Am meisten Grund zur Freude über die Umfrage haben Grüne und Linke. „Nach diesem Ergebnis ist die absolute Mehrheit der SPD futsch. Das ist eine gute Nachricht“, sagte die Spitzenkandidatin der Grünen, Katharina Fegebank, und Fraktionschef Jens Kerstan. Groß sei die Unzufriedenheit mit der SPD-Politik in den Bereichen Verkehr, Umwelt, Hochschulen und Klimaschutz. „Neun Prozent für die Linke ist ein gutes Ergebnis. Wir haben uns durch unsere gute Arbeit in der Fraktion offensichtlich eine Stammwählerschaft erarbeitet“, sagte Linken-Fraktionschefin Dora Heyenn.

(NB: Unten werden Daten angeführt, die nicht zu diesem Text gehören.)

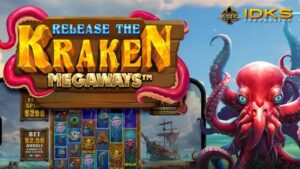 Menguak Misteri Slot Game ‘Release the Kraken Megaways’ dari Pragmatic Play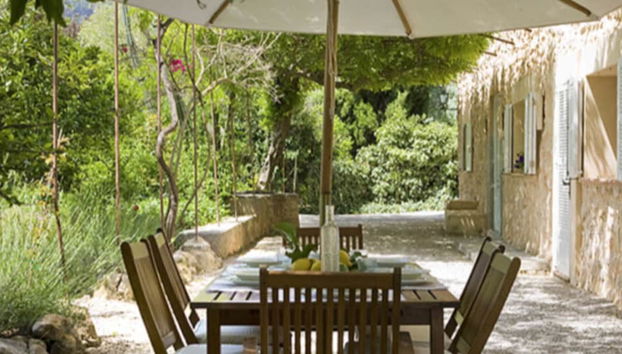 Terraço/pátio interior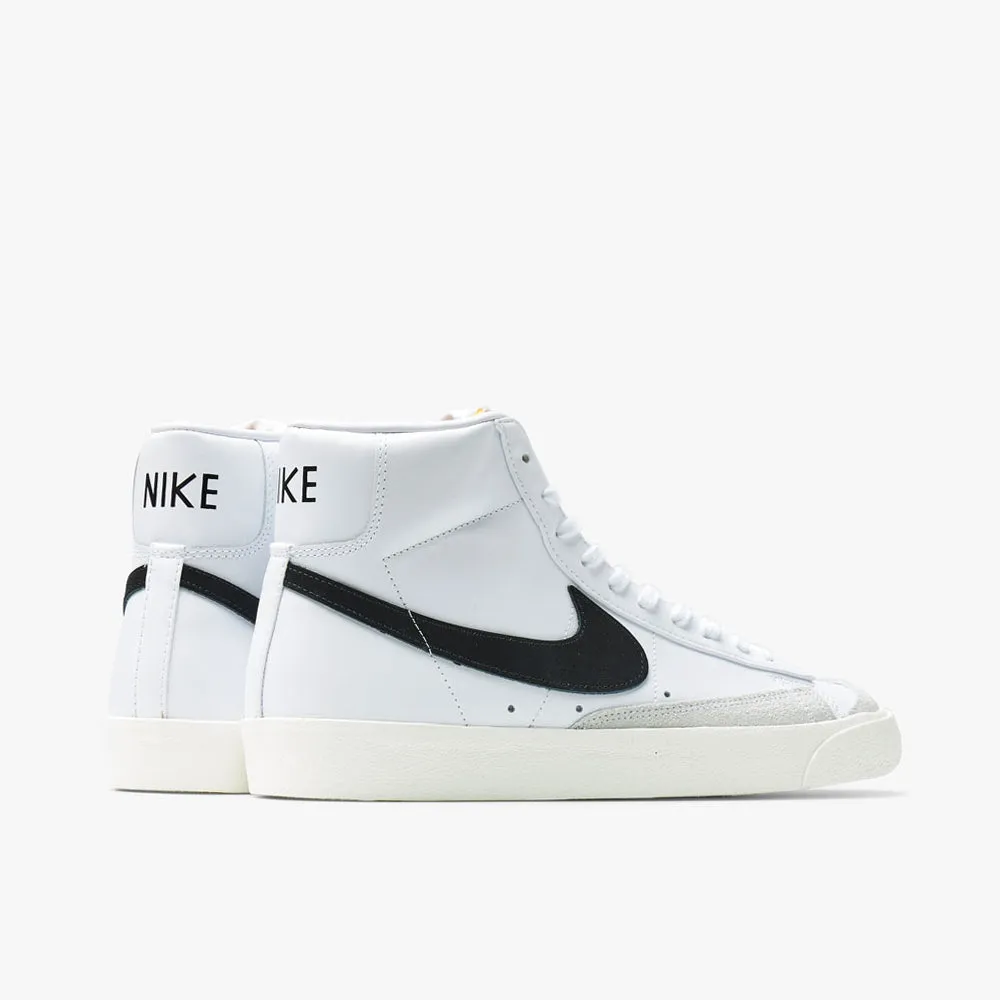 Nike Blazer Mid '77 Vintage White / Black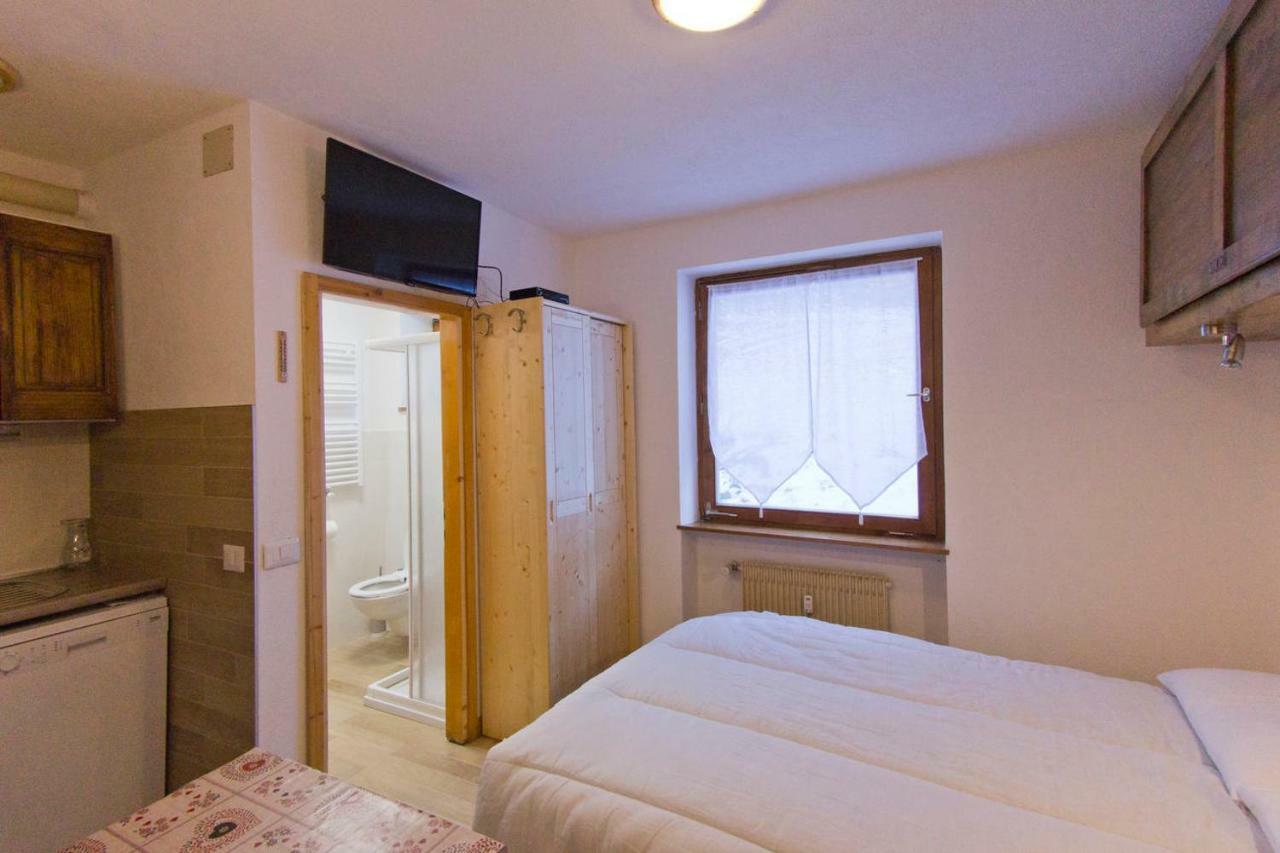 Casamau Studio Campitello di Fassa Kültér fotó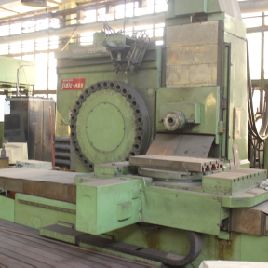 Mitsui Seiki H6B cnc horizontal milling machine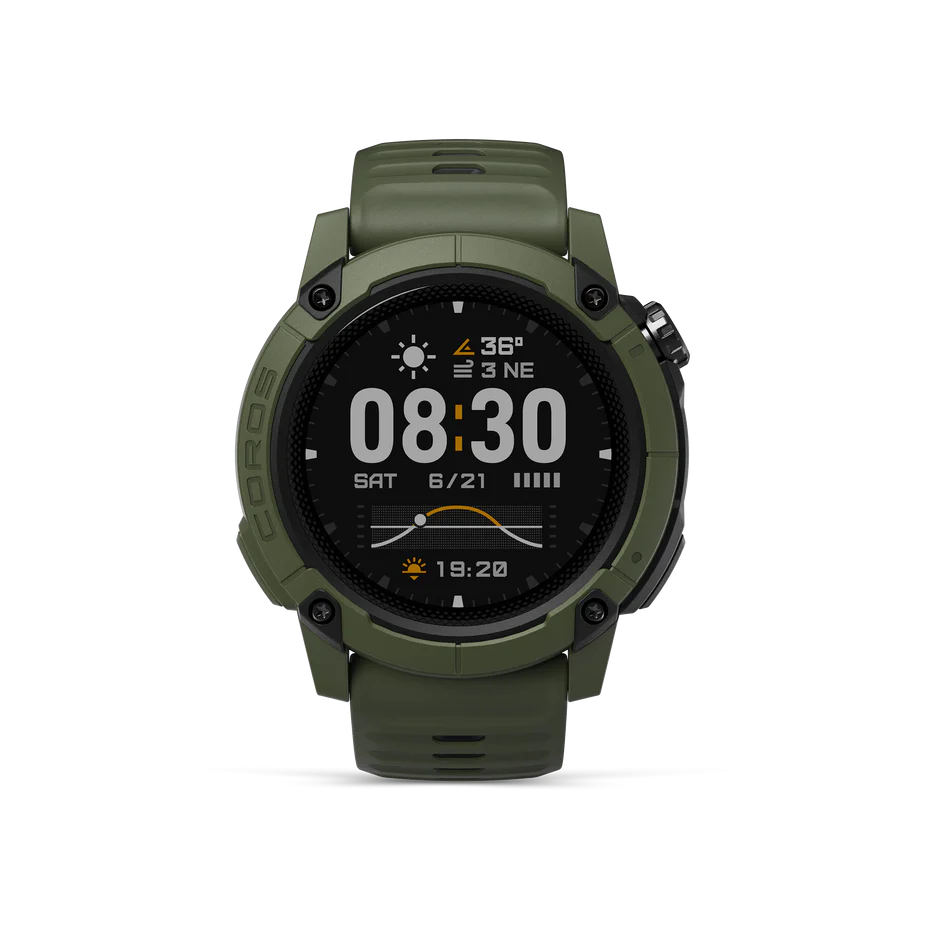 Coros Nomad GPS Watch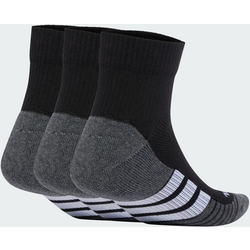 952951102101 ADIDAS Adidas Performance Climacool Cushioned Quarter Strumpor 3-pack  Standard Small1x1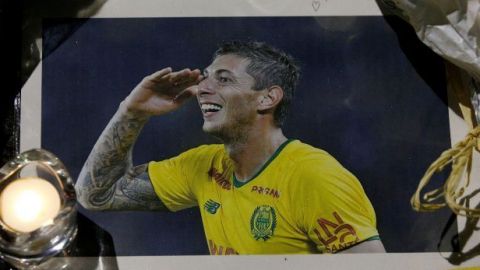 La madre de Emiliano Sala exige que se aclare el accidente de su hijo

„Die Umfrage zeigt, dass die politischen Verhältnisse offen sind“, sagte Dietrich Wersich. „Gegenüber der Wahl 2011 verliert die SPD deutlich und ist weit weg von der absoluten Mehrheit“, so CDU-Chef Marcus Weinberg. Etwas schmallippig reagierte SPD-Fraktionschef Andreas Dressel: „Das ist ein ordentliches Zeugnis für die SPD und ein Ansporn für die nächsten Wochen.“ Infratest dimap hat vom 5. bis zum 9. Dezember 1005 Wahlberechtigte ab 16 Jahren repräsentativ in Telefoninterviews befragt.